In November, 1967, Jocelyn Bell (Burnell) was just a graduate student when she discovered the first radio pulsar (or pulsating star), a highly magnetized, rotating neutron star that emits a beam of electromagnetic radiation. This radiation (light in the radio frequency band) can only be observed when the star is point towards us; so, like the light from a distant lighthouse, it appears to pulse at a precise frequency. She had been working with her supervisor Antony Hewish and others to construct a radio telescope to study quasars (quasi-stellar objects which emit radio waves).
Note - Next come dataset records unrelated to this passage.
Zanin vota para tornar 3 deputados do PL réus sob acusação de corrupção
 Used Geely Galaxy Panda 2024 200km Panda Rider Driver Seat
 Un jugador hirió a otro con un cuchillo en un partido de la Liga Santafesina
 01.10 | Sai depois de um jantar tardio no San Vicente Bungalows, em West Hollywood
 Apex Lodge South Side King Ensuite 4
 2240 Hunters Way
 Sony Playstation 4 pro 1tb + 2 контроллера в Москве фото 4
She noted some "scruff" on her chart-recorder, and then that the pulses were incredibly regular, occurring every 1.337 seconds. Hewish was initially scornful and insisted the regular pulses must be noise from a human made source. He first dubbed this object, emitting with such regularity 'LGM 1' for "Little Green Men 1", a playful joke about their uncertainty about what could emit radiation so regularly - obviously it could only be a communication from extraterrestrials hahaha! Only after she found other such sources, in different places with different frequencies, were her colleagues convinced and this lead to the development of the pulsar model. It is now known PSR B1919+21.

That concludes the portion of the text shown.